Data download and test set question

Hi @jayqi!

Regarding the 2-hour limit of a runtime and also processing the test data on your-side.

Do I understand it correctly, that the data query and download is included in the runtime?
As mentioned in some other thread, ERA5-Land is a massive amounts of data and its query usually takes a while. However, as a user one has no control over the time it takes for the request to be processed and it only depends on the cds server. Same applies to other spatial gridded datasets from the approved data sources.

2nd question: does that also apply to ALL the calculations done for the train set? This sounds reasonable for the weekly inference, however for the 10 years of test data seems not to be the case. There are currently around 30 approved data sources, that alltogether create a massive data cube, that needs to be pulled together using various api-s and processed (i.e. the zonal statistics and watershed aggregation).

Is that possible to softening the requirements and allow us to calculate features for the test set on our side at this stage of the competition? At the next step everything will be computed on-the-fly.

I would also like to follow the similar earlier thread and ask about the daily data (so far the hourly and monthly have been approved). Are we allowed to download and use daily data?

Thanks in advance for your response!

1 Like

We will also of course include all the codes for feature calculations and data processing in our submit.

Hi @varyabazilova

Do I understand it correctly, that the data query and download is included in the runtime?

For certain data sources designated as “Direct API access approved”, you are permitted to download data during your code execution run. This is indeed considered part of the 2-hour time limit for test set inference.

There are currently around 30 approved data sources, that alltogether create a massive data cube, that needs to be pulled together using various api-s and processed (i.e. the zonal statistics and watershed aggregation).

For many of the data sources, in particular ones that were pre-approved at the start of the competition and not added by request, we are rehosting data for the test set years in a mounted data drive. See [GitHub - drivendataorg/water-supply-forecast-rodeo-runtime: Data and runtime repository for the Water Supply Forecast Rodeo competition on DrivenData](documentation in the runtime repository). For the rehosted data, you will generally not have access and will be prevented by the network firewall from downloading additional data anyways. Processing the raw data into your features is still part of the 2-hour limit.

Is that possible to softening the requirements and allow us to calculate features for the test set on our side at this stage of the competition? At the next step everything will be computed on-the-fly.

Given the short time before the deadline, we will not be making major changes to the Hindcast evaluation requirements.

Can you provide more information about how long is needed for you to download the data that you need? If the additional time needed for your solution is needed, an increase to the 2 hour time limit is potentially an option.

Otherwise, leaving ERA5-Land features out of your model for Hindcast Stage submission does not preclude you from including it in your Forecast Stage or Overall evaluation cross-validation model submissions later in the challenge.

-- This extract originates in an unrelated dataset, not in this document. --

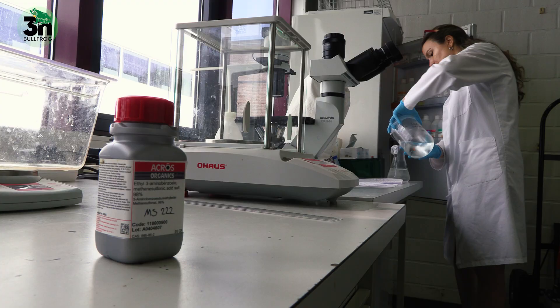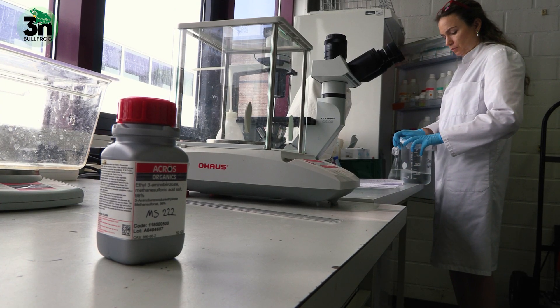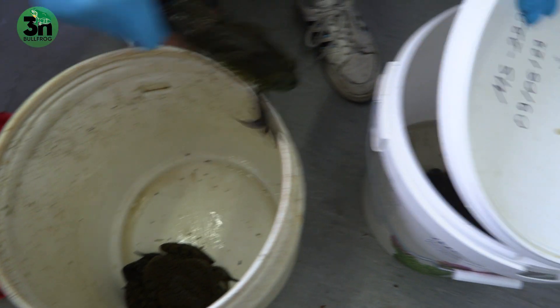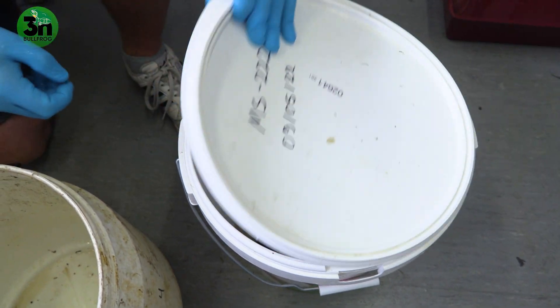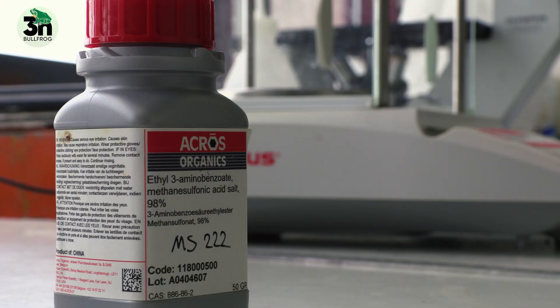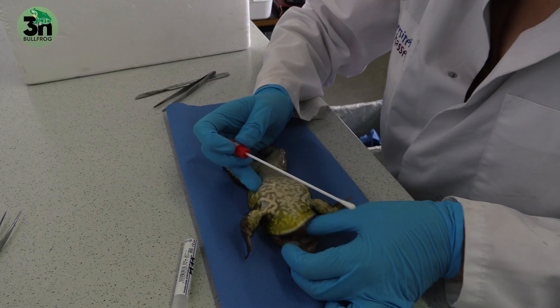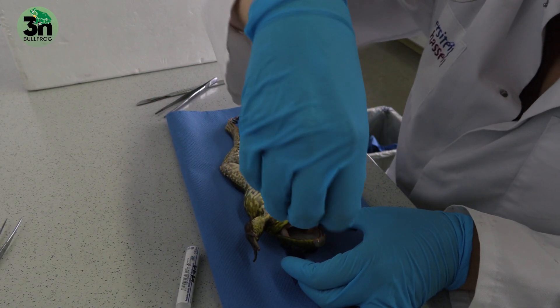Two hours after the induction of spermigenation with the males, we euthanize the males with MS-222 and then we retrieve the testes out of the individuals. The swapping of the adult individuals takes place to determine their genetic profile, which makes it easier to determine the ploidy level of the larvae from which they are bred.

I would also like to follow the similar earlier thread and ask about the daily data (so far the hourly and monthly have been approved). Are we allowed to download and use daily data?

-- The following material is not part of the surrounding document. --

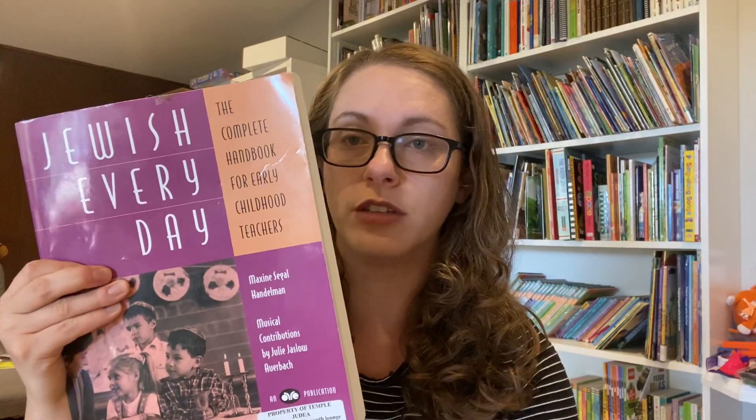My First Parsha Reader is super basic. I recommend it for ages five, six, maybe seven. Another great item for that age group — there are two separate books written by the same person. I prefer one of them more than the other. The one I prefer is 'What's Jewish About Butterflies,' and then the second one is 'Jewish Every Day: The Complete Handbook for Early Childhood Teachers.' Both books have great ideas for preschool and early elementary about teaching Judaism.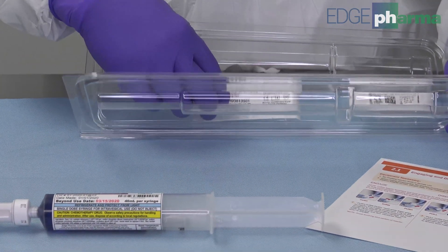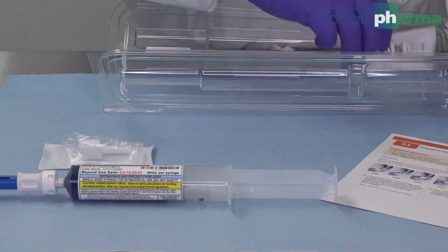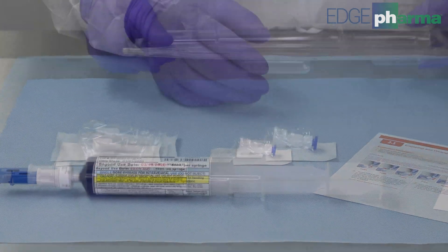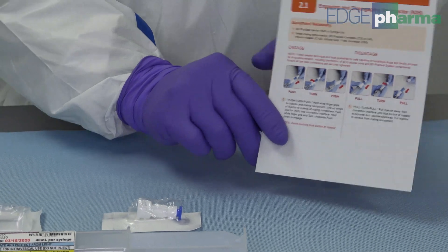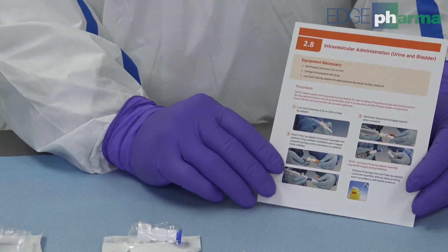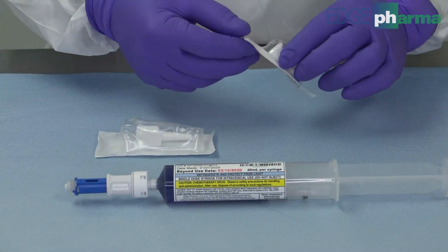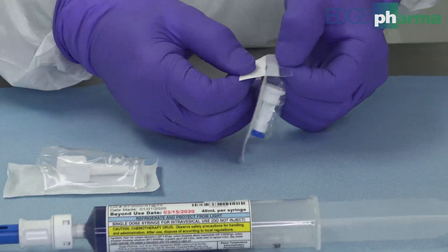Open the Mitomycin Kit and remove the contents. Please read the included instruction pamphlet. Affix the luer lock adapter to the catheter tip.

Please link to the specific daily ERA5-Land dataset that you are asking to use. We will take a look, but given the short time before the deadline, we may or may not be able to approve its use.

Hi!

@jayqi thanks for your reply!
We need to think about all that.
But, so we get it right and the code runtime of 4 hours total is possible?

Hi @Vervan, @varyabazilova,

We have increased the time limit for normal submissions to 4 hours. Please see the latest announcement.

1 Like

I was wondering if I am correct in thinking that the runtime limit (4 hours) means that the data query, download and predictions for all years and sites must be completed within this time limit, and that it’s not 4 hours per year or per site.
If so, some data sets (such as CDS data) can easily take an hour or more to download for a single year even for just a few variables depending on how busy the CDS is. Is it at all permissible to pre-download the required data from the CDS and submit it with the solution or is this not allowed?

@robby I have merged your thread into this recent one, as it is largely asking a duplicate question.

The runtime limit (4 hours) is inclusive of data downloads, data processing, and predictions for all years and all sites in the test set (10 years, 26 sites).

Note that many data sources are pre-downloaded by DrivenData and included in a mounted data drive. You do not need to (and generally will not be able to from the firewall) down those datasets. However, some data sources, such as the ones from Copernicus CDS, indeed do not have data that is pre-downloaded.

As discussed in this thread, it is not permissible for you to pre-download data associated with test years and bundle it with your solution. (See this FAQ entry with additional discussion about distinguishing between train and test data.)